The most significant move of the offseason was keeping Skinner off the market with an eight-year contract with a $9 million average annual value, which is a boom-or-bust kind of signing. The Sabres added some experienced scorers in Johansson and Jimmy Vesey. Botterill's best work has been on the blue line, adding Colin Miller from Vegas and flipping underwhelming prospect Alex Nylander to Chicago for Henri Jokiharju. That was after securing Brandon Montour in a trade last season. (But the world still waits on a Rasmus Ristolainen trade.)

One look at the salary cap tells you what Botterill has planned: Buffalo has just nine (!) players under contract for next season at the moment. That's a lot of flexibility.

Bold prediction

Thanks to the arrival of goalie coach Mike Bales from the Carolina Hurricanes, and Krueger's high-pressure system, the Sabres jump into the top 12 in team save percentage this season.

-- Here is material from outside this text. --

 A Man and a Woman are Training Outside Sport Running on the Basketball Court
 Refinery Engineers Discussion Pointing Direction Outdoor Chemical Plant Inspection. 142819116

Breakout candidate: Victor Olofsson

The 24-year-old Swedish rookie winger has a natural goal-scorer's touch, potting 30 goals in 66 games with AHL Rochester last season. He's gotten some first-line looks in the preseason, and could end up being a solution to some of the Sabres' offensive concerns. Of course, we've been wrong about young Buffalo offensive prospects before. (Looking at you, Casey Mittelstadt.)

Biggest strength

Their high-end building blocks. Jack Eichel had his best offensive season in 2018-19, with a 1.06 points per game average, and continues to improve. While scoring 40 goals again might be asking a lot, Skinner put himself back on the map as an offensive force. Dahlin had 44 points in his rookie season, and looks every bit the franchise defenseman he was hyped to be as a first overall pick.

Biggest weakness

Their forward depth. The Sabres don't really put a scare in anybody, outside of their top line, which may be one reason Krueger has flirted with putting Skinner and Eichel on different lines during the preseason. Marcus Johansson being used at center speaks volumes about this lineup's needs.

Sabres in NHL Rank

  • 30. Jack Eichel, C

Future Power Ranking: 29

Our panelists didn't have much faith in the NHL roster (No. 29) or the owner/GM/coach (No. 29), but a middle-of-the-road prospect pipeline (No. 17) and strong rating in cap/contracts (No. 8) kept them out of the basement.

Prospect perspective

Pipeline ranking: 18

Prospects in top 100:

Fantasy facts to know

Jack Eichel is the one and true fantasy catalyst for this Sabres team. You want the forwards sharing the ice with Eichel, full stop. There isn't depth to this offense for fantasy relevance. So to start, that means Jeff Skinner and Sam Reinhart, and no one else.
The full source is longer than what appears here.